Question

Find the value of \( \int_{-\pi/2}^{\pi/2} \sin^2 x \, dx \).

Hint:

Recognizing whether a function is even or odd is a powerful shortcut for definite integrals over symmetric intervals like \( [-a, a] \). For an even function, the integral is twice the integral over \( [0, a] \). For an odd function, the integral is zero.

Answer 1

Step 1: Understanding the Concept:
We need to evaluate a definite integral of \( \sin^2 x \) over a symmetric interval \( [-\pi/2, \pi/2] \).
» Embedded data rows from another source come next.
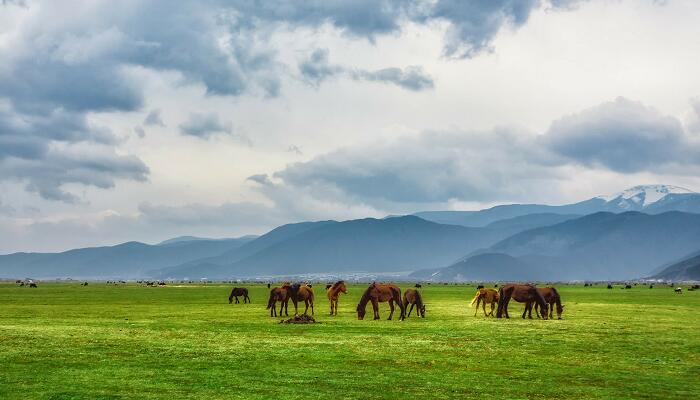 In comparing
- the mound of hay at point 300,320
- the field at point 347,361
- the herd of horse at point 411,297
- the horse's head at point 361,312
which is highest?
the herd of horse at point 411,297

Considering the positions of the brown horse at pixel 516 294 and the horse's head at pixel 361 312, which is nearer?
the horse's head at pixel 361 312

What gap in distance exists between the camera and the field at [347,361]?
1756cm

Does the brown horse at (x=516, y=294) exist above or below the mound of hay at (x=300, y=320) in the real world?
above

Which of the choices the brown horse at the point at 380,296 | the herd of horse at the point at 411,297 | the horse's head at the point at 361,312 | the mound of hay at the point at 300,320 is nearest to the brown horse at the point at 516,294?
the herd of horse at the point at 411,297

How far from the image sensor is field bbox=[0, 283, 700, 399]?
17.6m

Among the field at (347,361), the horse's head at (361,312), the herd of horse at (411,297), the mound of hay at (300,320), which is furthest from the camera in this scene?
the herd of horse at (411,297)

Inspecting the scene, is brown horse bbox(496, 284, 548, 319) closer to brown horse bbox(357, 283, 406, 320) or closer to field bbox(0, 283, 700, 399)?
field bbox(0, 283, 700, 399)

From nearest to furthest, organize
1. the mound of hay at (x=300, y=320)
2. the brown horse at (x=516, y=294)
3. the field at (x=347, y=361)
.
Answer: the field at (x=347, y=361) → the mound of hay at (x=300, y=320) → the brown horse at (x=516, y=294)

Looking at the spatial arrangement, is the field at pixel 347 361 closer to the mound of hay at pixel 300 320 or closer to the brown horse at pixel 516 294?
the mound of hay at pixel 300 320

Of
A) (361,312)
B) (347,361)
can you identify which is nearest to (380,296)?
(361,312)

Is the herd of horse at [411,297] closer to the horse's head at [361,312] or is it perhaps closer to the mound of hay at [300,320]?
the horse's head at [361,312]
We can use properties of even and odd functions to simplify the integral. Then, we use a trigonometric identity to integrate \( \sin^2 x \).
Step 2: Key Formula or Approach:
1. Property of definite integrals over symmetric intervals: If \( f(x) \) is an even function (\( f(-x) = f(x) \)), then \( \int_{-a}^{a} f(x) dx = 2 \int_{0}^{a} f(x) dx \).
2. Power-reducing identity: \( \sin^2 x = \frac{1 - \cos(2x)}{2} \).
Step 3: Detailed Explanation or Calculation:
Let \( f(x) = \sin^2 x \). Let's check if it is an even function: \[ f(-x) = \sin^2(-x) = (-\sin x)^2 = \sin^2 x = f(x) \] Since \( f(x) \) is an even function, we can simplify the integral: \[ \int_{-\pi/2}^{\pi/2} \sin^2 x \, dx = 2 \int_{0}^{\pi/2} \sin^2 x \, dx \] Now, use the power-reducing identity: \[ = 2 \int_{0}^{\pi/2} \frac{1 - \cos(2x)}{2} \, dx = \int_{0}^{\pi/2} (1 - \cos(2x)) \, dx \] Integrate term by term: \[ = \left[ x - \frac{\sin(2x)}{2} \right]_{0}^{\pi/2} \] Evaluate at the limits: \[ = \left( \frac{\pi}{2} - \frac{\sin(2 \cdot \pi/2)}{2} \right) - \left( 0 - \frac{\sin(0)}{2} \right) \] \[ = \left( \frac{\pi}{2} - \frac{\sin(\pi)}{2} \right) - (0 - 0) \] Since \( \sin(\pi) = 0 \): \[ = \frac{\pi}{2} - 0 = \frac{\pi}{2} \] Step 4: Final Answer:
The value of the integral is \( \frac{\pi}{2} \).